- EXERCISE DESCRIPTION: Please restate each entry that appears below word for word, without its pictures.

Content starts

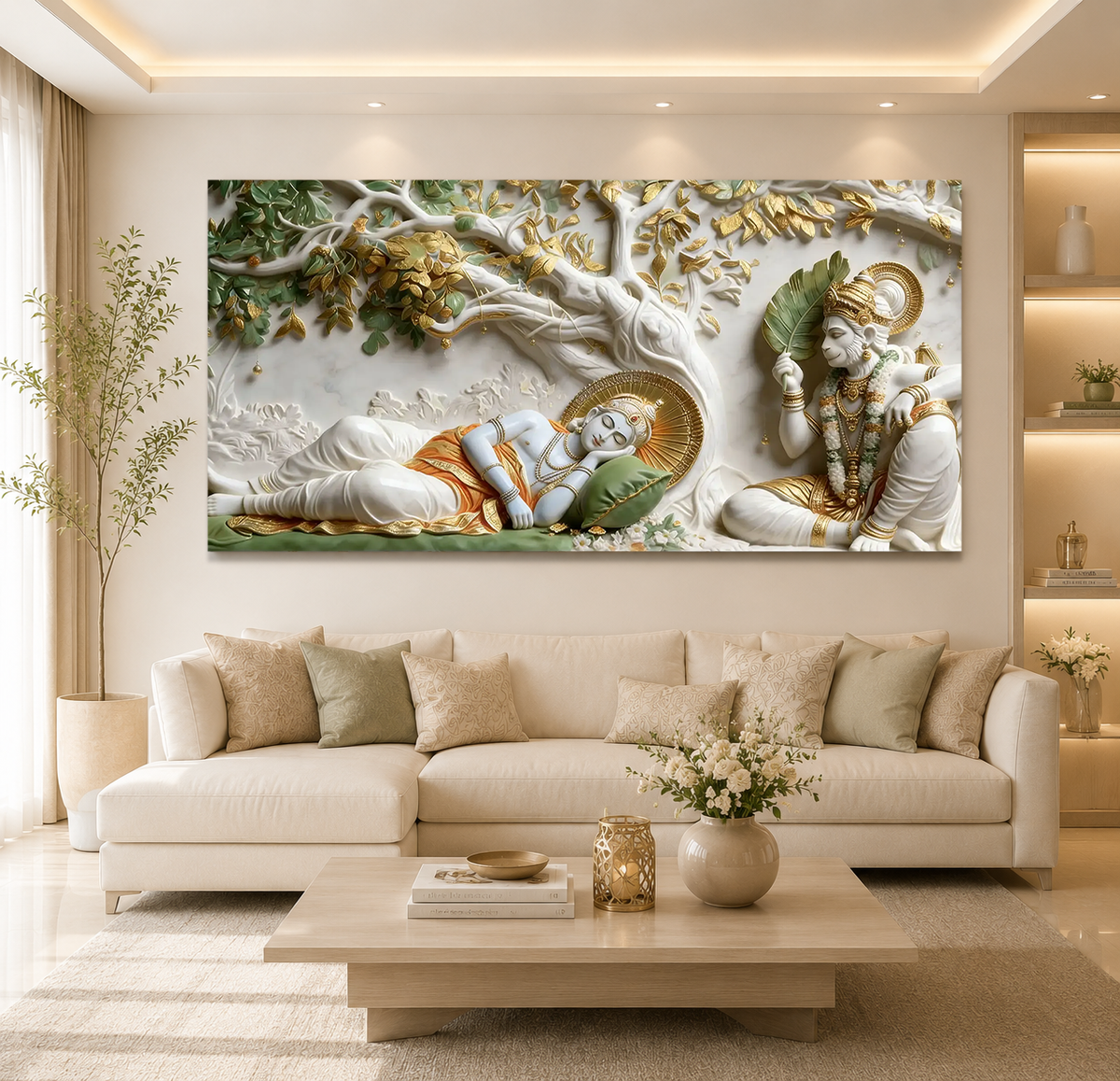 Divine Hindu 3D Wall Art – Traditional Indian Deity Painting with Gold Embossed Details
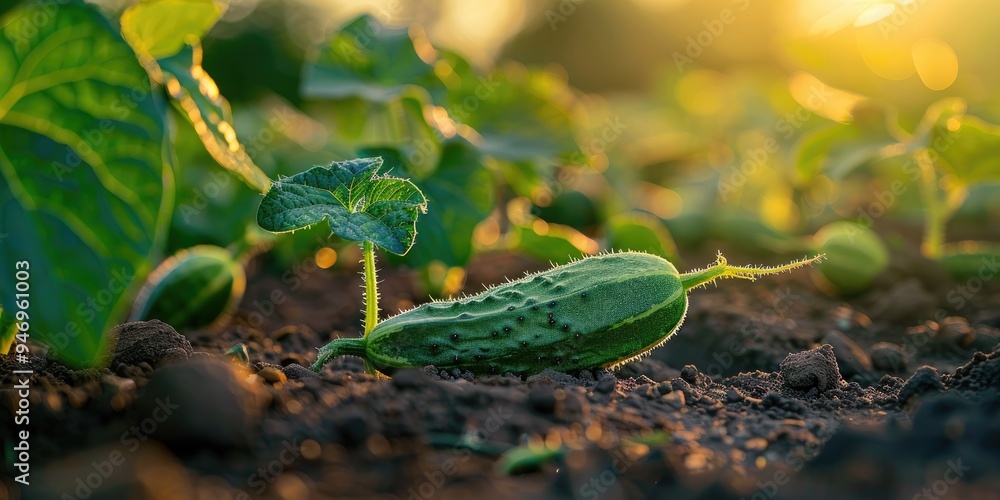 Canvas Prints close up of a single cucumber plant thriving in a greenhouse cucumber cultivation in a garden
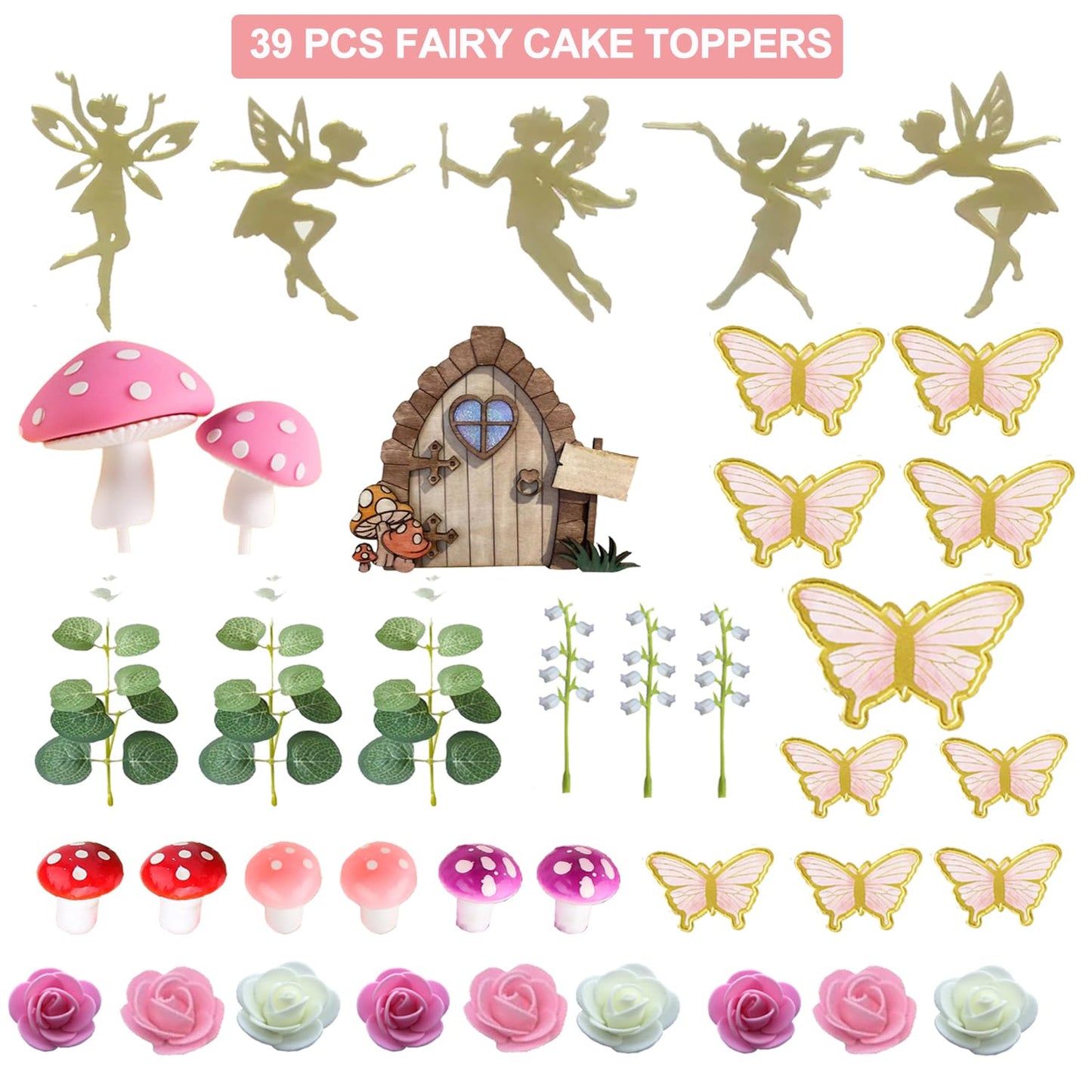 Lxasiy 39Pcs Fairy Cake Toppers Fairy Cake Decoration Pink Mushroom Door Butterfly Flowers Cake Decoration Fairy Garden Topper F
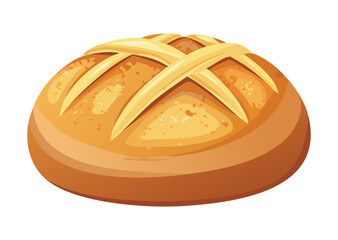 Fresh Baked Bread with Simple Cross Design - Vector Illustration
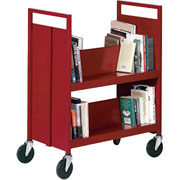 Sandusky 4 Sloped Shelf Mobile Booktruck, Red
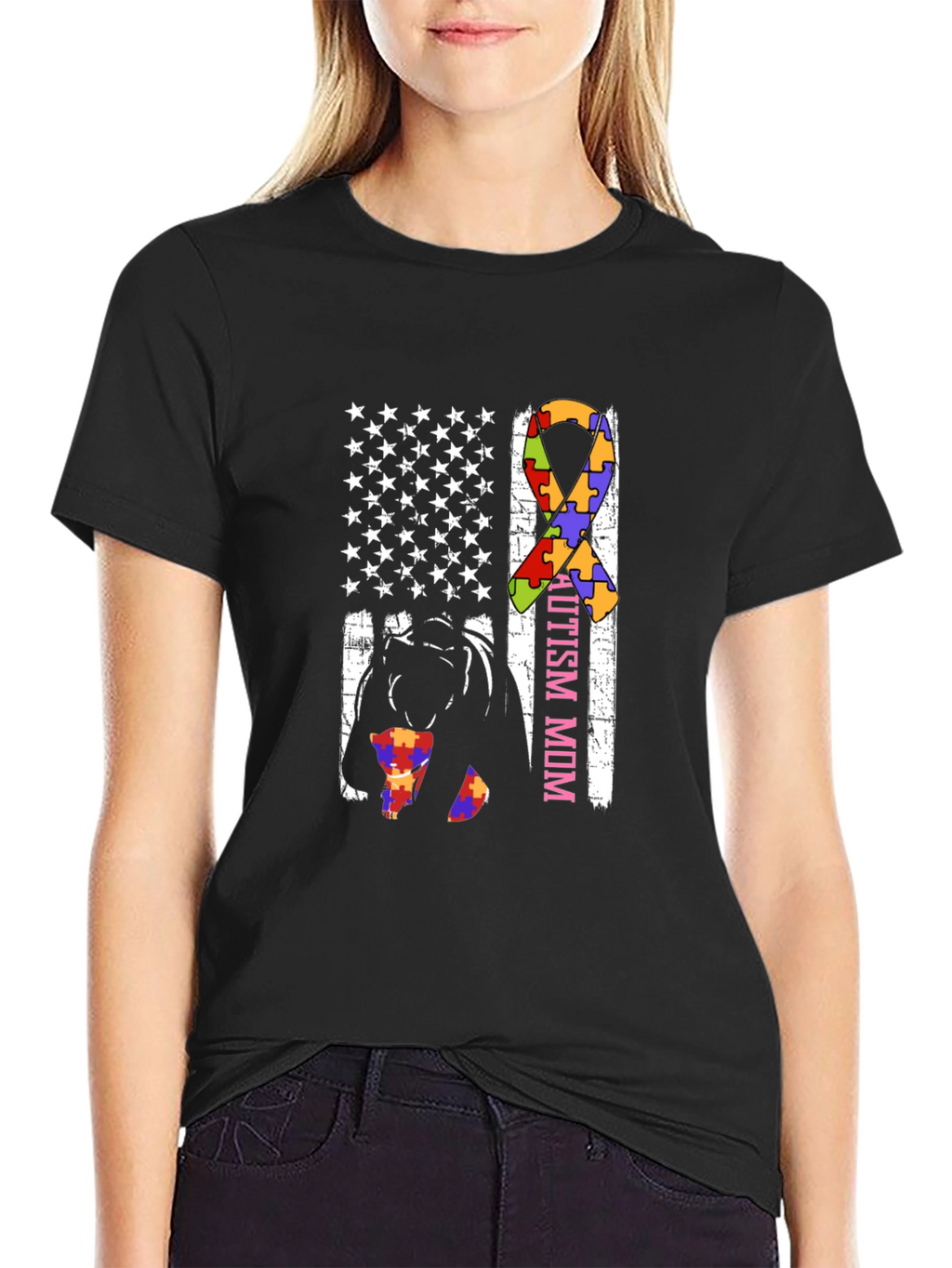 Autism Mom American Flag T-Shirt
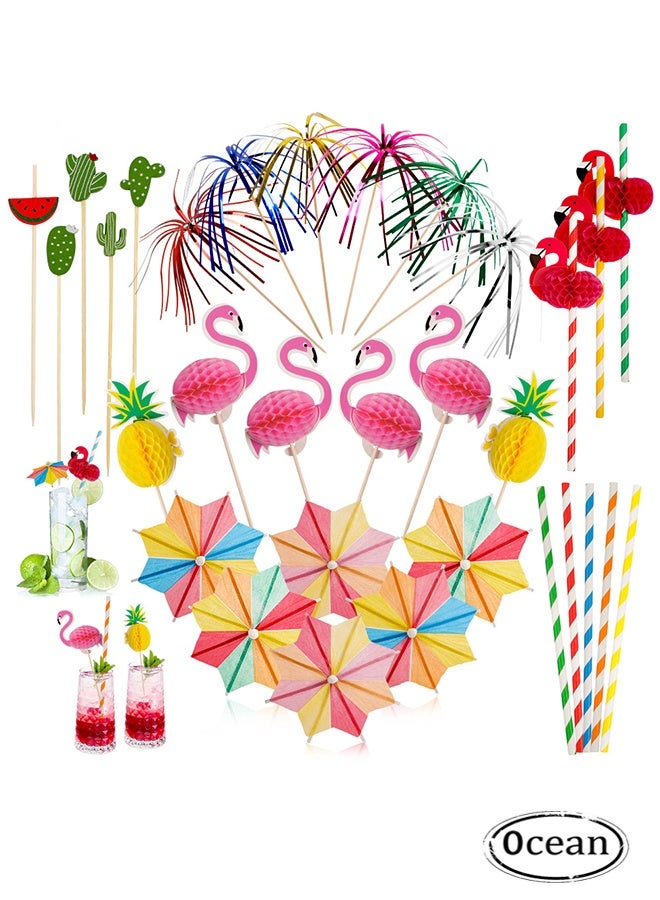 أوشن 140 قطعة من أجهزة الكمبيوتر الغذائية الحزب ملصقات الأسنان ، الملصقات ، المظلات ، الألعاب النارية العصي ، ملونة عصي الاضطراب ، القش ، ملحقات العصير للحزب الصيفي ، حفل الزفاف ، بار ، المشروبات - Image 1
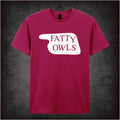 Fatty Owls Hotel Sign – Cult Comedy Graphic T-Shirt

Content ends

- SOLUTION TO THE EXERCISE:
 Divine Hindu 3D Wall Art – Traditional Indian Deity Painting with Gold Embossed Details
 Canvas Prints close up of a single cucumber plant thriving in a greenhouse cucumber cultivation in a garden
 Lxasiy 39Pcs Fairy Cake Toppers Fairy Cake Decoration Pink Mushroom Door Butterfly Flowers Cake Decoration Fairy Garden Topper F
 Fresh Baked Bread with Simple Cross Design - Vector Illustration
 Sandusky 4 Sloped Shelf Mobile Booktruck, Red
 Autism Mom American Flag T-Shirt
 أوشن 140 قطعة من أجهزة الكمبيوتر الغذائية الحزب ملصقات الأسنان ، الملصقات ، المظلات ، الألعاب النارية العصي ، ملونة عصي الاضطراب ، القش ، ملحقات العصير للحزب الصيفي ، حفل الزفاف ، بار ، المشروبات - Image 1
 Fatty Owls Hotel Sign – Cult Comedy Graphic T-Shirt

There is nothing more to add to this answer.